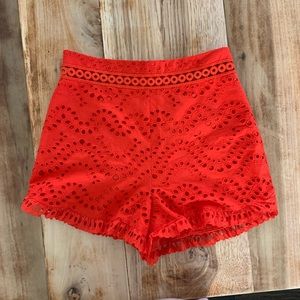 NWOT TOPSHOP Broderie Anglaise Shorts (EYELET RED)
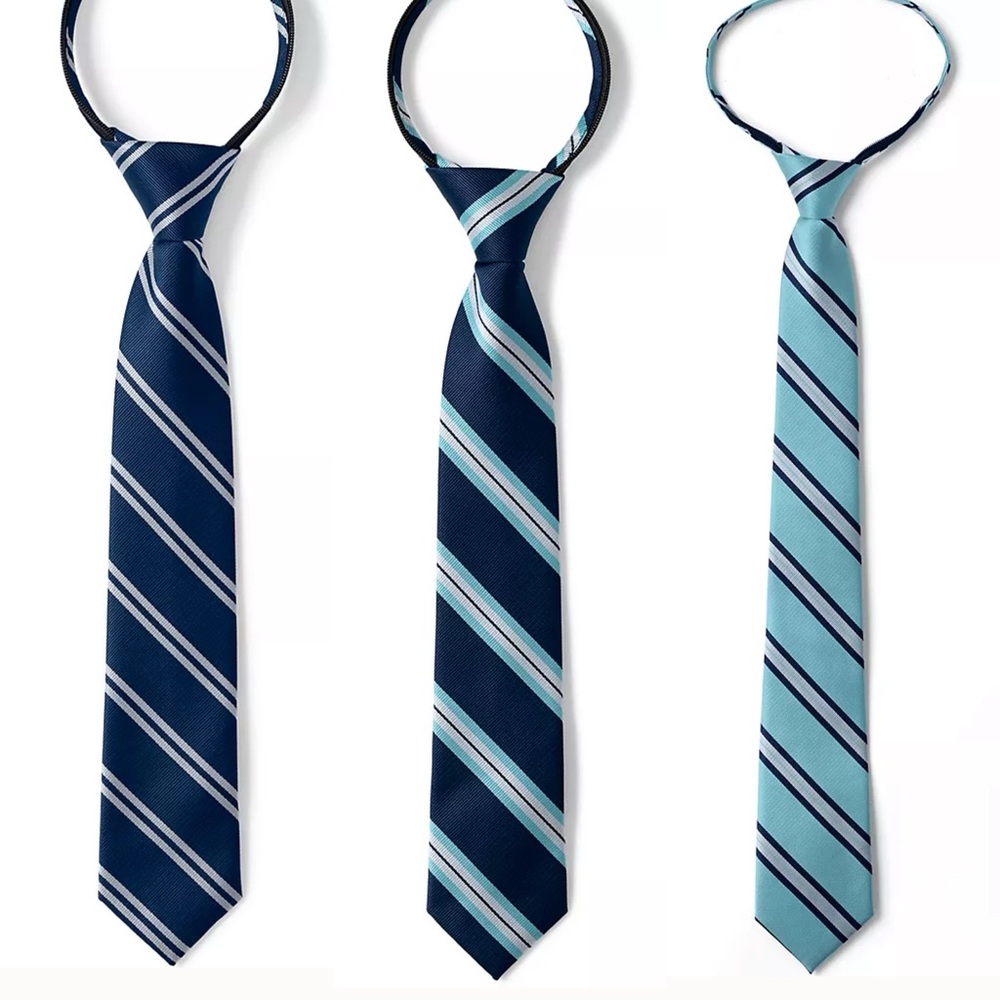Lot of 3 Lands End Boys School Uniform Zipper Ties Size Medium Blue Stripes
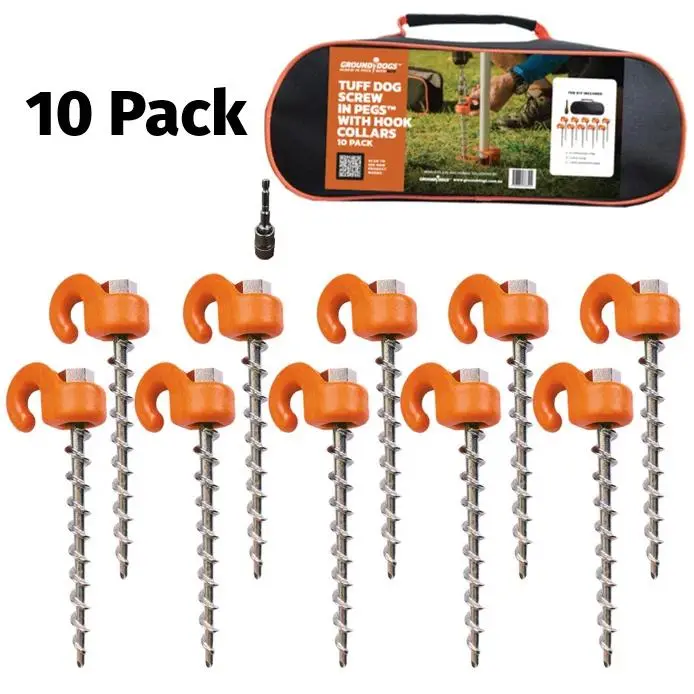Tuff Dog Screw In Peg With Hook Collar 180Mm 10 Pack 1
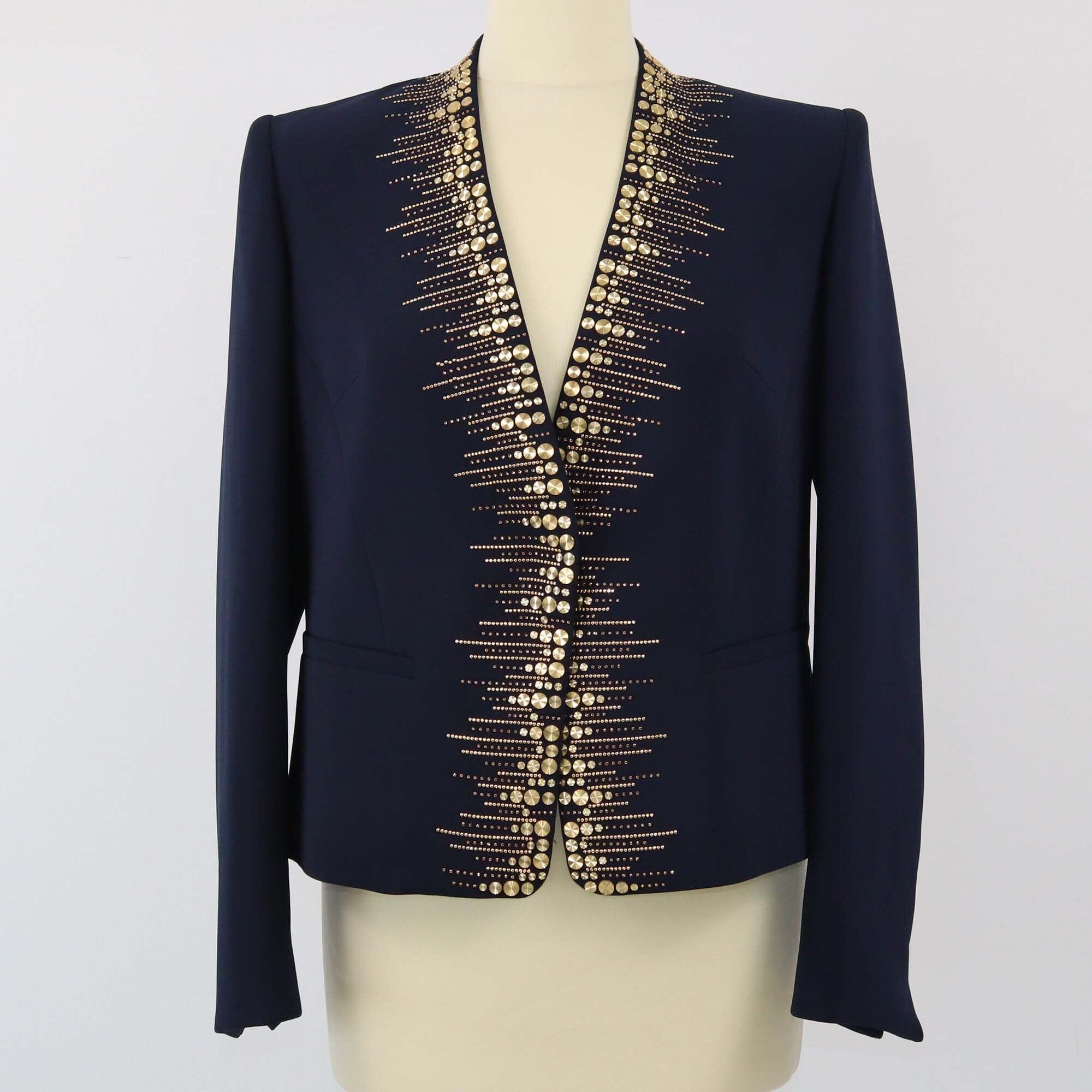 Gai Mattiolo Navy Blue The Red Carpet Studded Blazer Womens Gai Mattiolo 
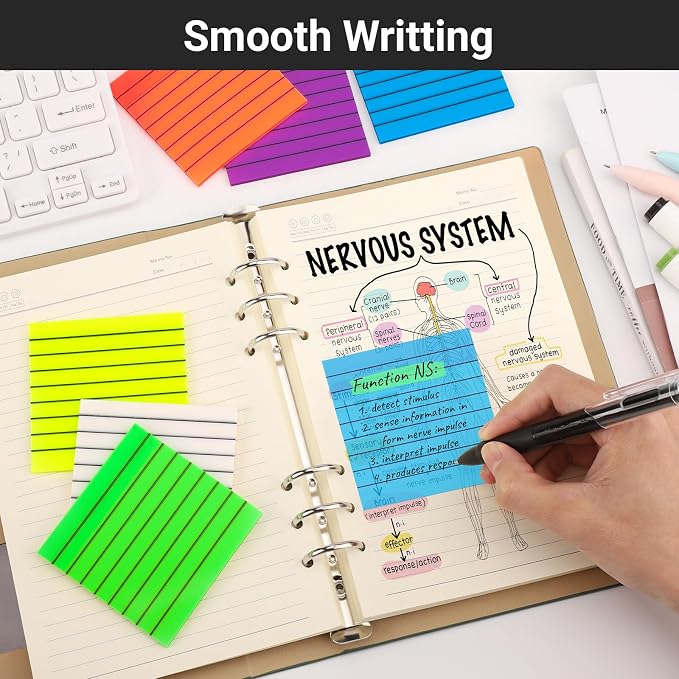 EUSOAR Translucent Sticky Notes, 300 Sheets 3x3 Inch PET Lined Sticky Notes Tabs for Folders Neon 6 Colors, Translucent Bible Page Flags Stickers Note Pads for Book Annotation Making to-do Lists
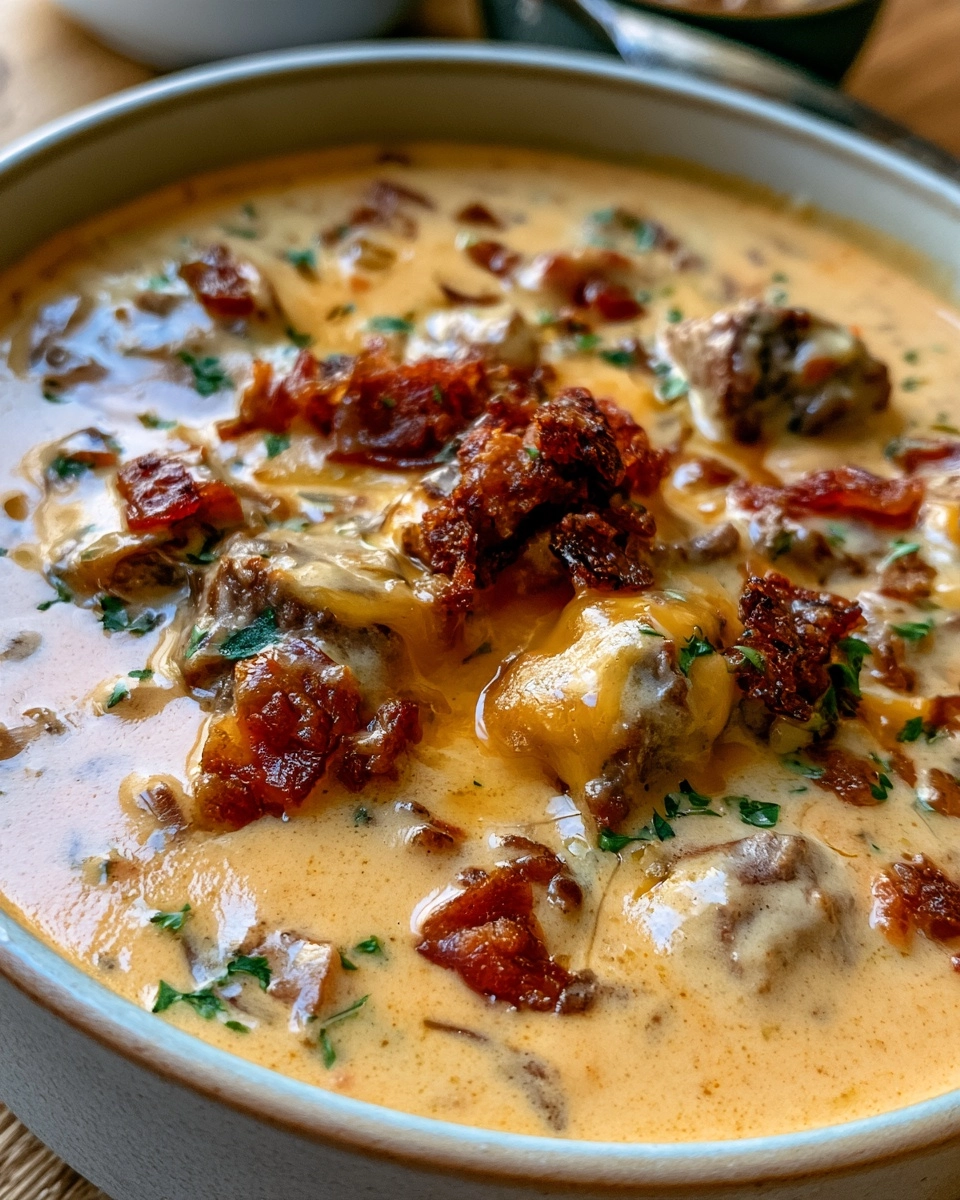 Loaded Cheeseburger Soup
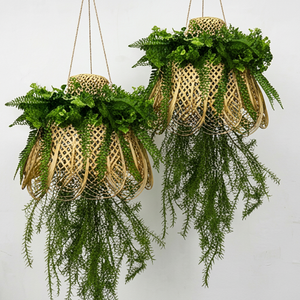Panier suspendu artificiel avec feuillage de fougère verte, jardinière décorative en osier pour la maison, le jardin, le balcon, la décoration murale - Product Image 2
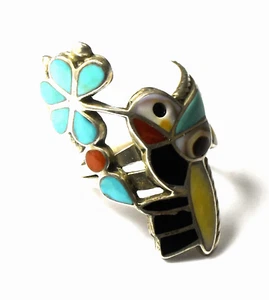 Sterling Silver Hummingbird Inlay Turquoise Coral MOP Ring 36mm Size 6-1/2 - Picture 1 of 6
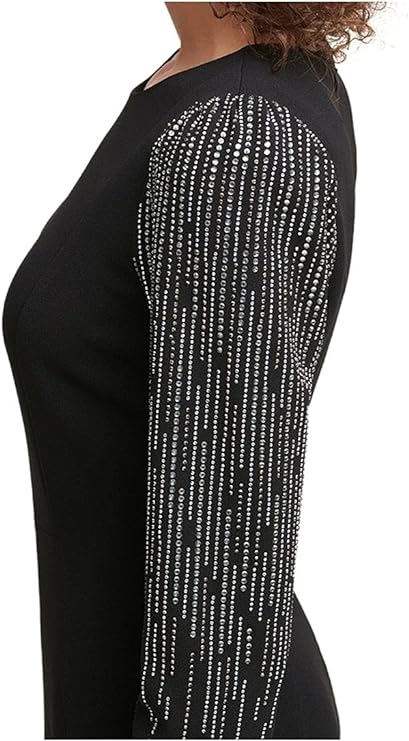 Calvin Klein Women's Petite Embellished-Sleeve Sheath Dress  Color Black Size 6P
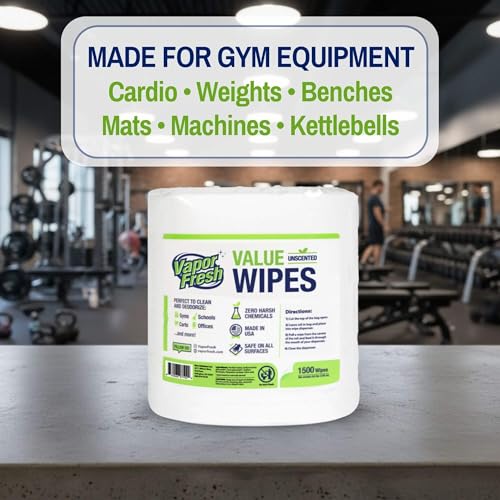 Vapor Fresh Value Wipes - 1,500 Count x 4 Rolls (6,000 Total Wipes) Plant Powered Commercial Grade Cleaner For Gym Equipment, Fitness Studios, Spas, Schools - Bulk Refill Rolls - Unscented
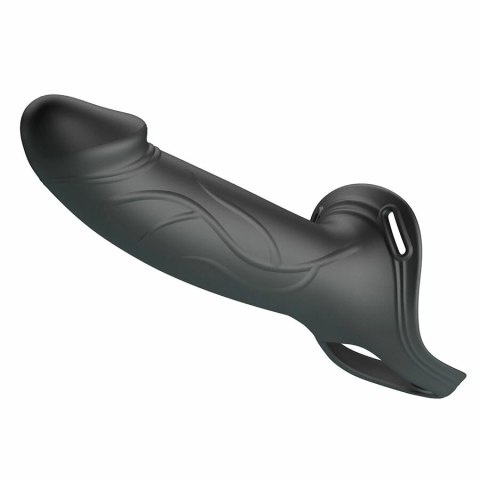 Pretty Love Landon czarny system intymny wibracyjny strap-on 18 cm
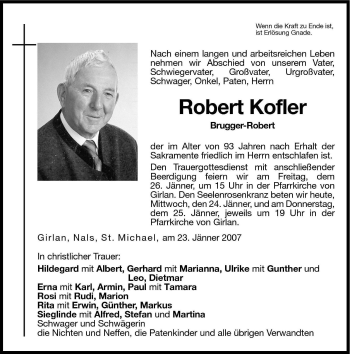 Traueranzeige von Robert Kofler von Dolomiten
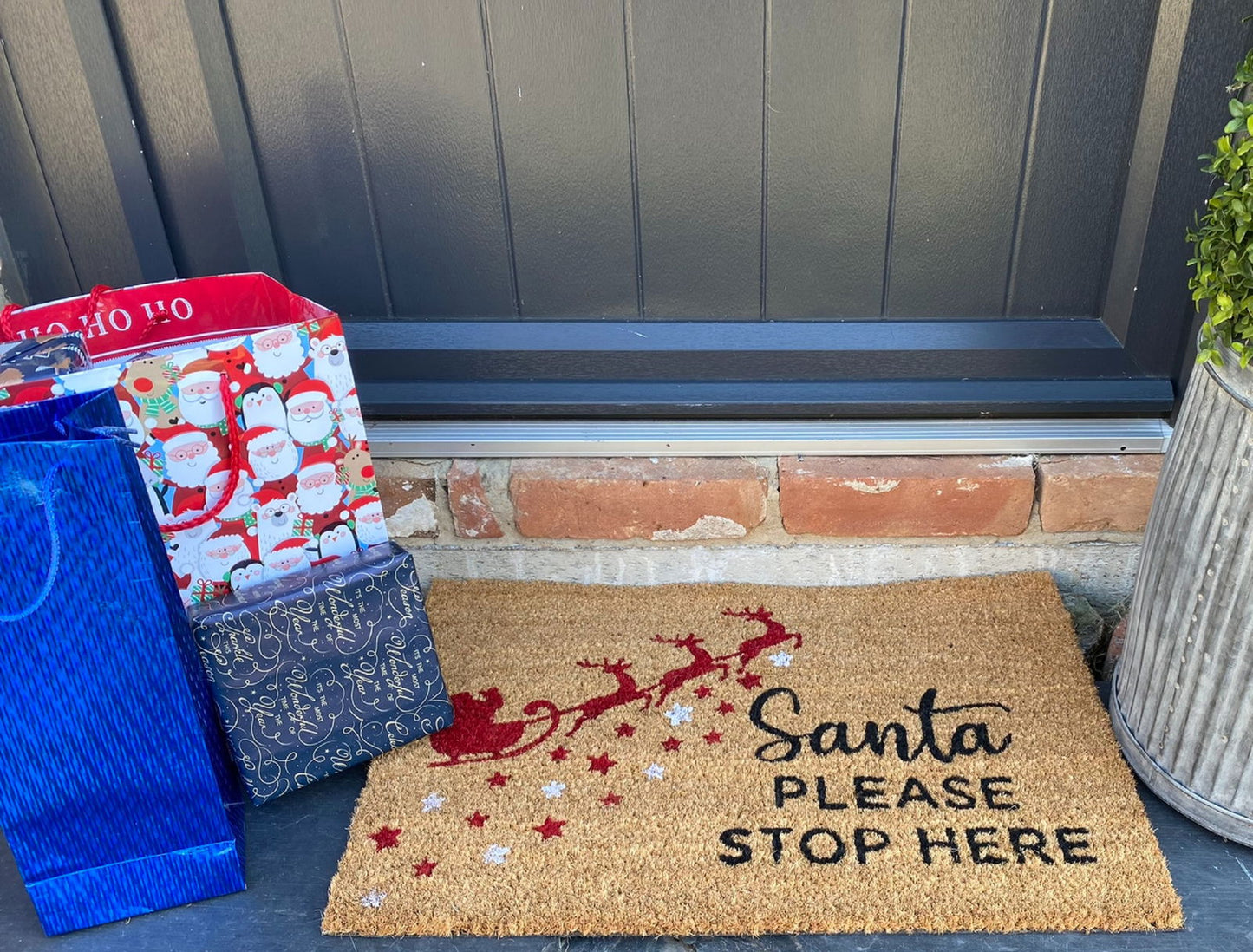 Christmas Doormat - Santa Please Stop Here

+++++

§ Assignment
Images stay out; the entries above are to be printed exactly.

§ Task solution
 NWOT TOPSHOP Broderie Anglaise Shorts (EYELET RED)
Lot of 3 Lands End Boys School Uniform Zipper Ties Size Medium Blue Stripes
Tuff Dog Screw In Peg With Hook Collar 180Mm 10 Pack 1
 Gai Mattiolo Navy Blue The Red Carpet Studded Blazer Womens Gai Mattiolo 
 EUSOAR Translucent Sticky Notes, 300 Sheets 3x3 Inch PET Lined Sticky Notes Tabs for Folders Neon 6 Colors, Translucent Bible Page Flags Stickers Note Pads for Book Annotation Making to-do Lists
 Loaded Cheeseburger Soup
Panier suspendu artificiel avec feuillage de fougère verte, jardinière décorative en osier pour la maison, le jardin, le balcon, la décoration murale - Product Image 2
 Sterling Silver Hummingbird Inlay Turquoise Coral MOP Ring 36mm Size 6-1/2 - Picture 1 of 6
 Calvin Klein Women's Petite Embellished-Sleeve Sheath Dress  Color Black Size 6P
 Vapor Fresh Value Wipes - 1,500 Count x 4 Rolls (6,000 Total Wipes) Plant Powered Commercial Grade Cleaner For Gym Equipment, Fitness Studios, Spas, Schools - Bulk Refill Rolls - Unscented
 Pretty Love Landon czarny system intymny wibracyjny strap-on 18 cm
 Traueranzeige von Robert Kofler von Dolomiten
 Christmas Doormat - Santa Please Stop Here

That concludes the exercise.